DIOPT data is used to generate the Homo sapiens orthology score. In turn,DIOPT uses 16 different checks of orthology. Genes earn a point if they have a human ortholog detected in at least 3 (the DIOPT cutoff for a "moderate" score) of these data sources. This DIOPT score threshold can be modified when setting up your DIGITtally search.
Optionally, DIGITtally can also check whether any human orthologs to a gene are assocaited with a human disease condition (based on the OMIM database). In this case, the final score is then divided by 2 so a final H.sap score out of 1 is always returned.
MozAtlas is one component of the Anopheles gambiae score, along with MozTubules. These can be used individually, or together. If both data sources are used, the final A.gam score will weight these appropriately so that scores are still out of 1.

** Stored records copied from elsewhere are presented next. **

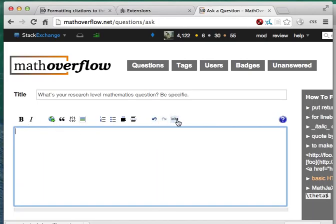Notice now that there's a Cite button in the toolbar. All we have to do is start writing our post.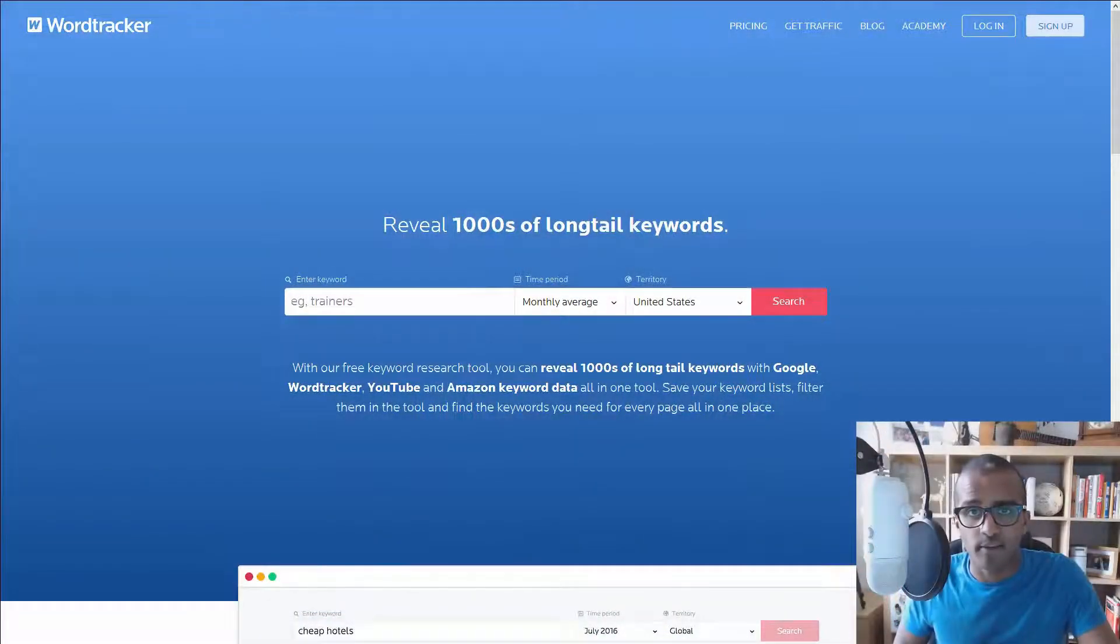What's up everyone, I am Ahmed Khalifa and today I'm going to be doing a three minute review of a free keyword research tool called WordTracker.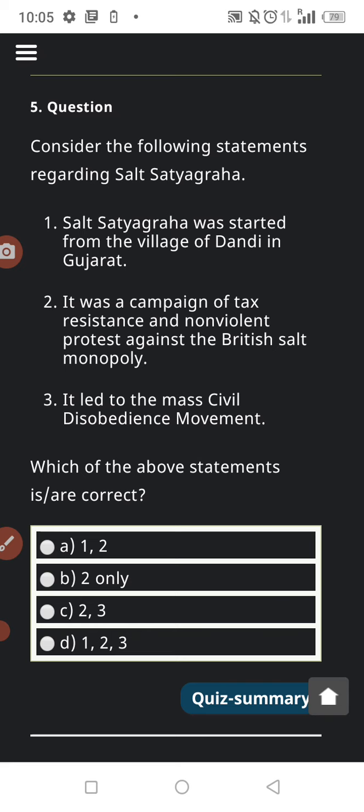If you want to upload your answers, you can post them in the comment section and I will also upload the answers along with proper detailed solutions. PDF files will be available for download to make your preparation more efficient. In this corona time, please be safe, always wear your mask and use sanitizer. Thank you so much. Jai Hind, Jai Bharat.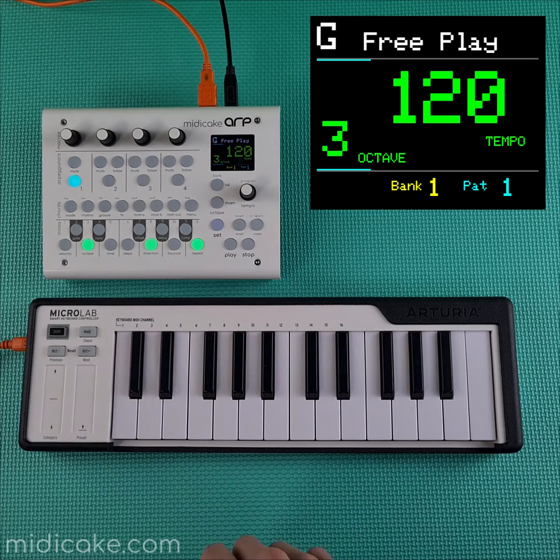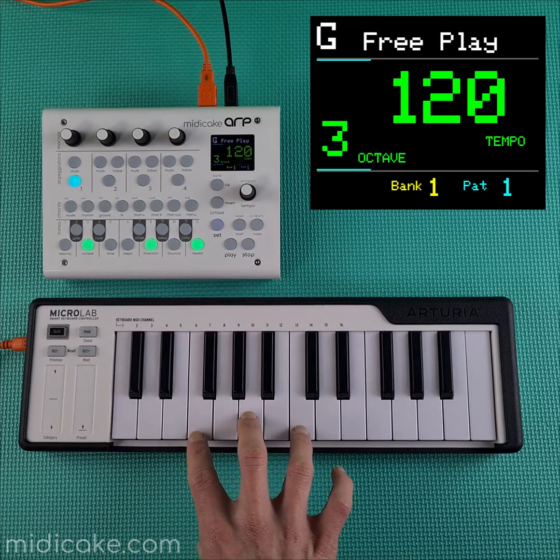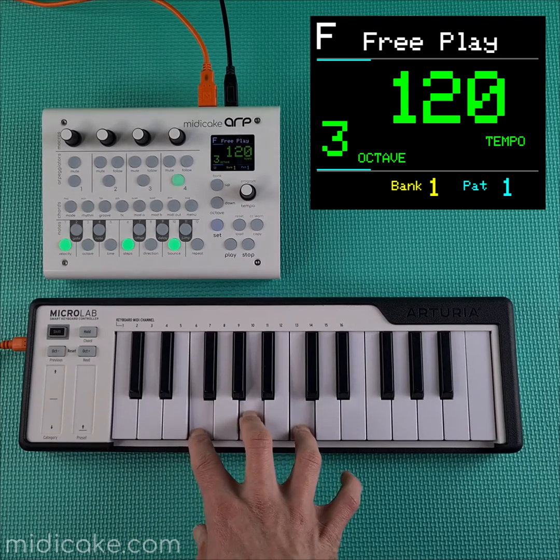Note that live play only runs as long as you're holding MIDI notes on. Releasing the notes will stop play.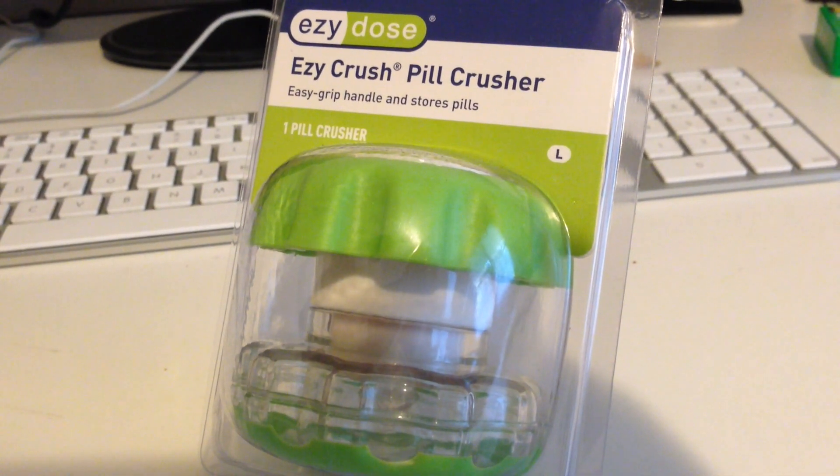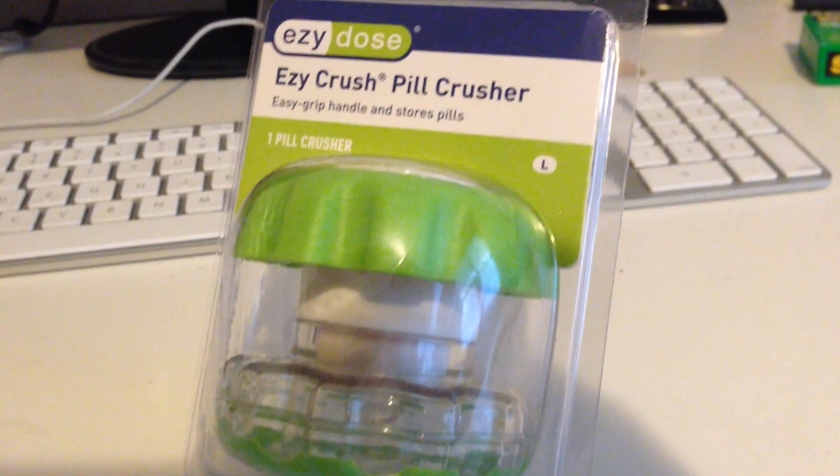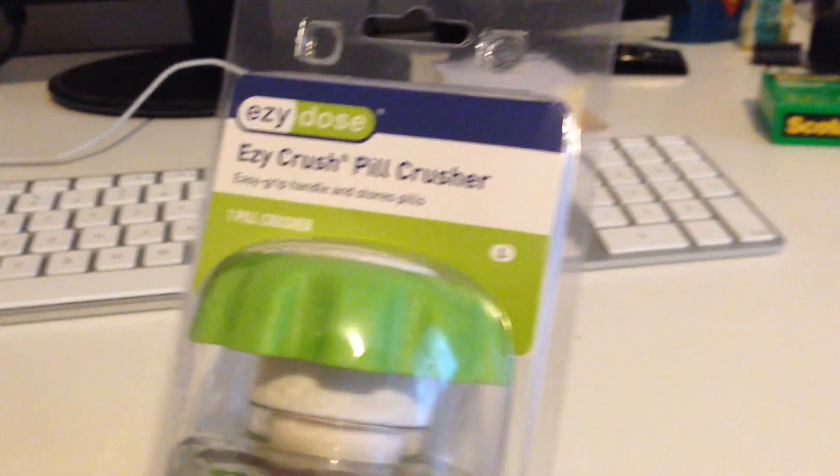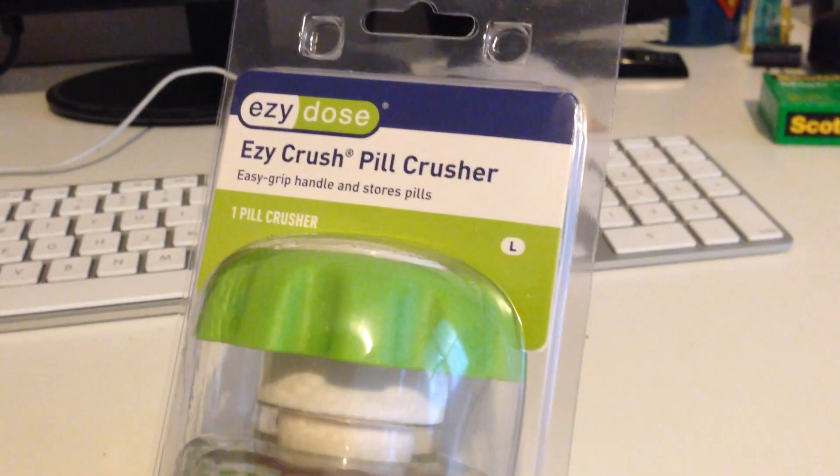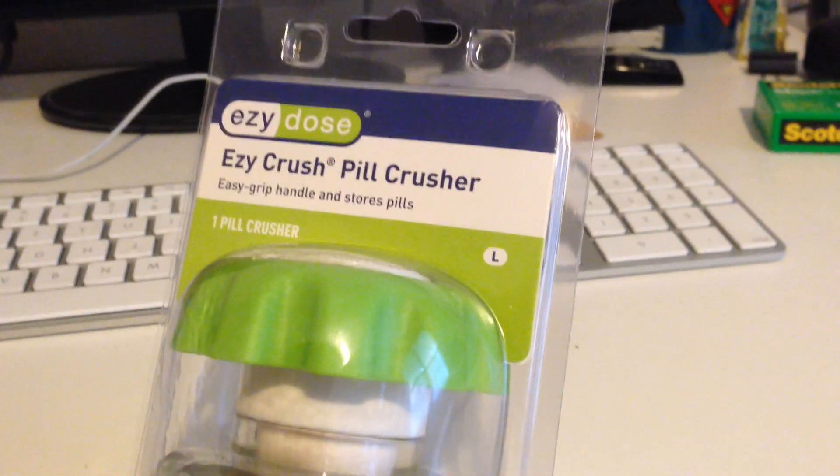Hey, what's going on everybody? This is Chris from Unbox Addiction. Here's an unboxing and opinion of the EZ Crush Pill Crusher.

In MozAtlas data, genes are scored based on whether any combination of their A.gam orthologs are Enriched in tissues orthologous to tissues of interest, specific to these tissues, or expressed in these tissues at all. Final scores are summed, then divided by three to provide an A.gam score out of 1.

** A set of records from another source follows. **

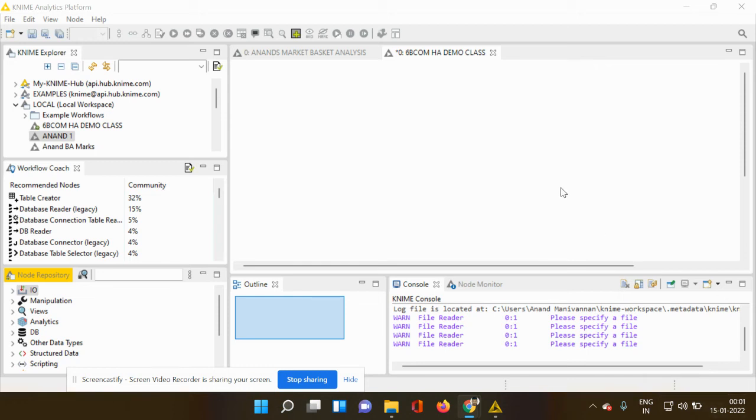Hello everyone, this is Dr. Anand. In today's demonstration using the KNIME platform, I would explain the use of the file reader node.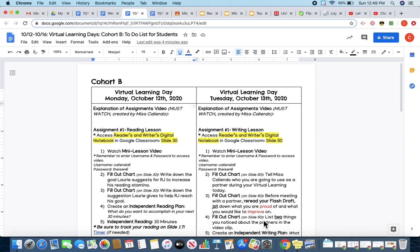Hi, Six Writers. It's Ms. Callando here to explain your virtual learning assignments for Tuesday, October 13th.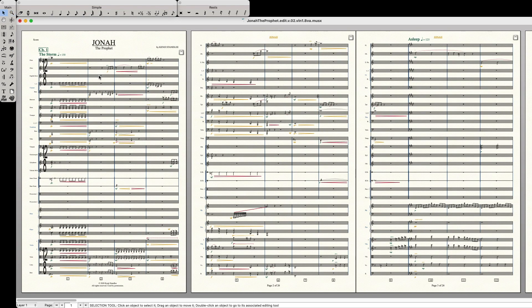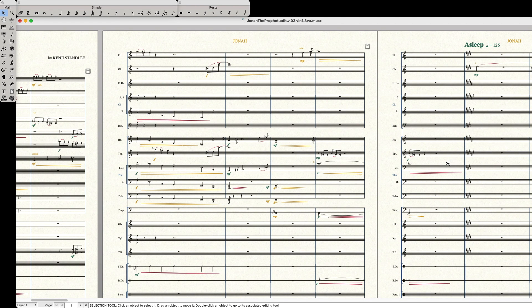My favorite of these options is to use the primary tool, the selection tool, and use option shift click. This will zoom in wherever your cursor is located.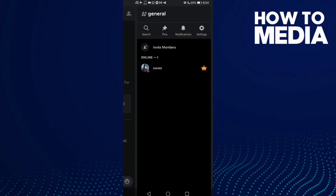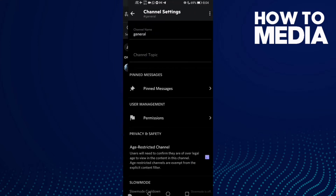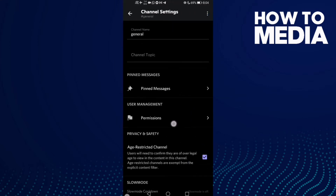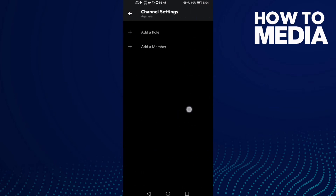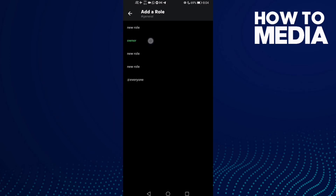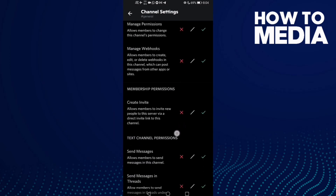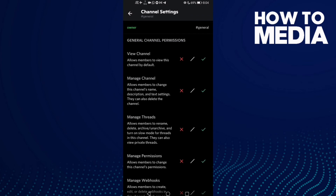Click the settings icon, then click permissions. As you can see, you can now add any role you want, like owner, and you can edit the permissions.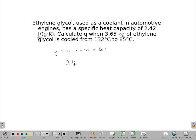We have 2.42 joules per gram Kelvin. So that's going to tell me I want this mass in grams. If you're given the mass in kilograms, I'm going to change that to grams as I write it down. It's not 3.65 — it's 3,650 grams.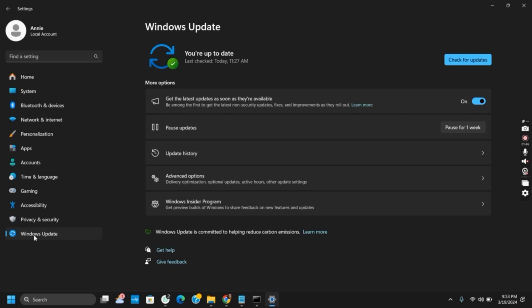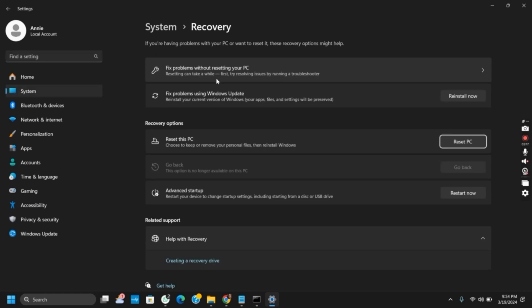However, if it does not, you can try for the system recovery. For that, you just have to tap on system recovery or you can just tap on the search button and type in reset. This will take you to the section of recovery. Now you just have to tap on reset this PC and then follow the prompts.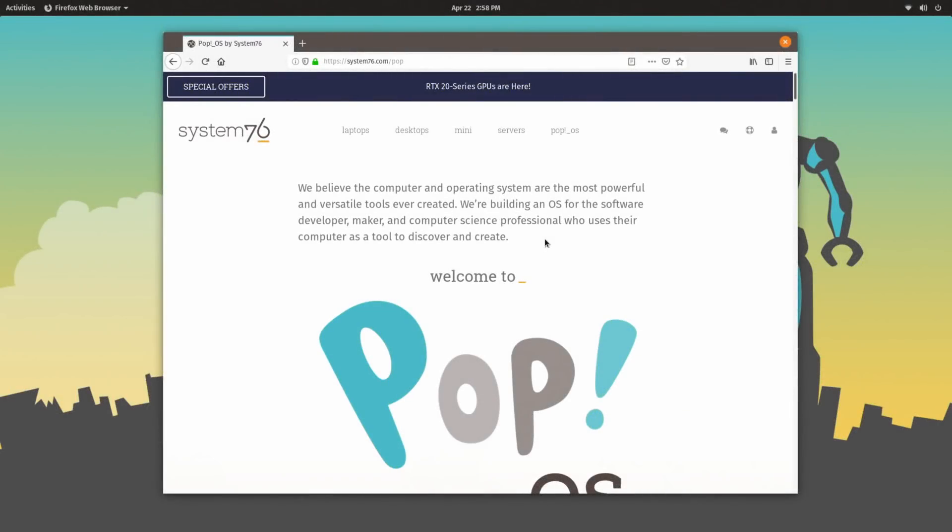Now on the Pop!OS website, they do mention that Pop!OS is built for developers, makers, and computer science professionals, people who use their computer as a tool to discover and create. However, nowadays it also works very well as an option for the average user, and especially for gamers who are just coming to Linux.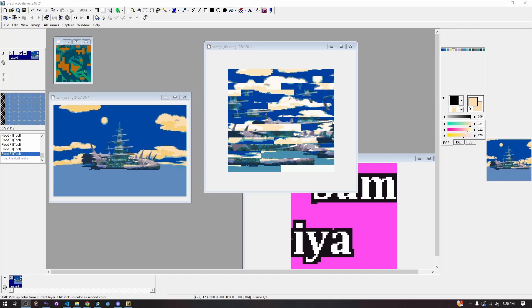Hello and welcome back to our Decom tutorial series. Today we are going to continue talking about graphics — the complicated, complicated world of GBA graphics.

In MozAtlas, mosquitos are split into Male or Female. As such, it is possible to select one specific sex, in which case only that sex will be considered. By default, though, DIGITtally looks for genes which act identically in both sexes, and in this case each threshold must be met in BOTH male and female insects for a point to be scored.
MozAtlas is one component of the Anopheles gambiae score, along with MozTubules. These can be used individually, or together. If both data sources are used, the final A.gam score will weight these appropriately so that scores are still out of 1.
In MozTubules data, genes are scored based only on enrichment, which is provided directly by the dataset. Scores are accumulated across the mosquito types to provide a final MozTubule score, then scores are normalised to be equal to ONE TISSUE from MozAtlas by default - though this can be modified when setting up your DIGITtally search.. The final scores are integrated to provide an A.gam score out of 1.
Aegypti-Atlas data is used to generate the Aedes aegypti orthology score. In Aegypti-Atlas, genes are scored based on whether any combination of their A.aeg orthologs are enriched in tissues orthologous to tissues of interest, specific to these tissues, or expressed in these tissues at all. Only one mosquito type (adult female) is present in AegyptiAtlas.
Please note that, as the background FPKM value for Aegypti-Atlas is 2, any reads under this value will be treated as 0 (no expression). This FPKM value can be modified when setting up your DIGITtally search.
SilkDB data is used to generate the Bombyx mori orthology score. In SilkDB, genes are scored based on whether any combination of their B.mor orthologs are enriched in tissues orthologous to tissues of interest, specific to these tissues, or expressed in these tissues at all. In this case, as no whole body reading is provided, a whole body expression level is estimated by averaging expression in all tissues at that life stage.
To manage the vast silkworm life-stage data available in SilkDB, the B.mor score is modified compared to other orthology scores. A single point is scored if the previously described criteria are met in a single B. mori life stage, another if the criteria are met at ALL life stages.
Please note that, as the background FPKM value for Aegypti-Atlas is 2, any reads under this value will be treated as 0 (no expression). This FPKM value can be modified when setting up your DIGITtally search.